++++ Excerpted records ++++
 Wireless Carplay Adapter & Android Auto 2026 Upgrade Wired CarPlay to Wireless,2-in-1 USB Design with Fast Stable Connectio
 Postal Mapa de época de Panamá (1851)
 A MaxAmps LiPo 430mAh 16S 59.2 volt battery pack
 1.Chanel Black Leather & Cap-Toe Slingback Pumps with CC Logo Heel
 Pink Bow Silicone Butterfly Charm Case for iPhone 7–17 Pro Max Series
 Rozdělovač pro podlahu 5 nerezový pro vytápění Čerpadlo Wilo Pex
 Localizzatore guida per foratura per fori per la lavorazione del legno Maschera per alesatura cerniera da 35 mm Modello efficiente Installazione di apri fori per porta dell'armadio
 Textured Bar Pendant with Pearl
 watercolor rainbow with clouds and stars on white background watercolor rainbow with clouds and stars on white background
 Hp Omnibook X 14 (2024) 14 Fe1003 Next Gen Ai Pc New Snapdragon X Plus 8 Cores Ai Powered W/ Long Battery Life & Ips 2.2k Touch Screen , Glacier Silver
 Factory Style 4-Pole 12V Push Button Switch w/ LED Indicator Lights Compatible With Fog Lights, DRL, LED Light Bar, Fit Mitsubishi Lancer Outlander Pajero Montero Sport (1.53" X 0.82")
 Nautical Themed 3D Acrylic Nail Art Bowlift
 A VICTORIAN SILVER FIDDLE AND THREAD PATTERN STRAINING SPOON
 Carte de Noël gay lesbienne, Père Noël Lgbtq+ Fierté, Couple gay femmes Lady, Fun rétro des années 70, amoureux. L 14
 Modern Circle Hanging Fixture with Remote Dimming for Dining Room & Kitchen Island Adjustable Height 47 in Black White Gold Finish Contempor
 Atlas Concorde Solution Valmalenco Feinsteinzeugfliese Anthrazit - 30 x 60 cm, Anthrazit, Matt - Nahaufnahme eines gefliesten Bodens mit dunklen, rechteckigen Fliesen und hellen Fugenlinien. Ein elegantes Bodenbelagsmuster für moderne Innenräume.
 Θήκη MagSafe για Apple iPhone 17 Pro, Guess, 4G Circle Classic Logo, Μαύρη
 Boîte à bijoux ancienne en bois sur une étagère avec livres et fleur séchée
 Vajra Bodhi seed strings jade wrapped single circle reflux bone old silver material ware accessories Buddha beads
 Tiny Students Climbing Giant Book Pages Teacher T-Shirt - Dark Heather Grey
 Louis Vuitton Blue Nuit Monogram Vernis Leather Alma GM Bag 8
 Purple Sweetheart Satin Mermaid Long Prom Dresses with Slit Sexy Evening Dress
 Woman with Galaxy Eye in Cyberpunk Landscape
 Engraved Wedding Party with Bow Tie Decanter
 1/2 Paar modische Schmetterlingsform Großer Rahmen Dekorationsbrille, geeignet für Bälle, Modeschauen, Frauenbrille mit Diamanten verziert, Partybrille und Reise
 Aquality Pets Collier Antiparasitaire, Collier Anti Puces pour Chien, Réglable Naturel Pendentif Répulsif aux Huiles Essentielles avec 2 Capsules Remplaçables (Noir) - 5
++++
- **Instructions to follow**
Would you please copy exactly the part of the entries above that begins at the line containing "1.Chanel Black Leather" and ends at the line containing "A VICTORIAN SILVER", both lines included?

- **Solution for this exercise**
 1.Chanel Black Leather & Cap-Toe Slingback Pumps with CC Logo Heel
 Pink Bow Silicone Butterfly Charm Case for iPhone 7–17 Pro Max Series
 Rozdělovač pro podlahu 5 nerezový pro vytápění Čerpadlo Wilo Pex
 Localizzatore guida per foratura per fori per la lavorazione del legno Maschera per alesatura cerniera da 35 mm Modello efficiente Installazione di apri fori per porta dell'armadio
 Textured Bar Pendant with Pearl
 watercolor rainbow with clouds and stars on white background watercolor rainbow with clouds and stars on white background
 Hp Omnibook X 14 (2024) 14 Fe1003 Next Gen Ai Pc New Snapdragon X Plus 8 Cores Ai Powered W/ Long Battery Life & Ips 2.2k Touch Screen , Glacier Silver
 Factory Style 4-Pole 12V Push Button Switch w/ LED Indicator Lights Compatible With Fog Lights, DRL, LED Light Bar, Fit Mitsubishi Lancer Outlander Pajero Montero Sport (1.53" X 0.82")
 Nautical Themed 3D Acrylic Nail Art Bowlift
 A VICTORIAN SILVER FIDDLE AND THREAD PATTERN STRAINING SPOON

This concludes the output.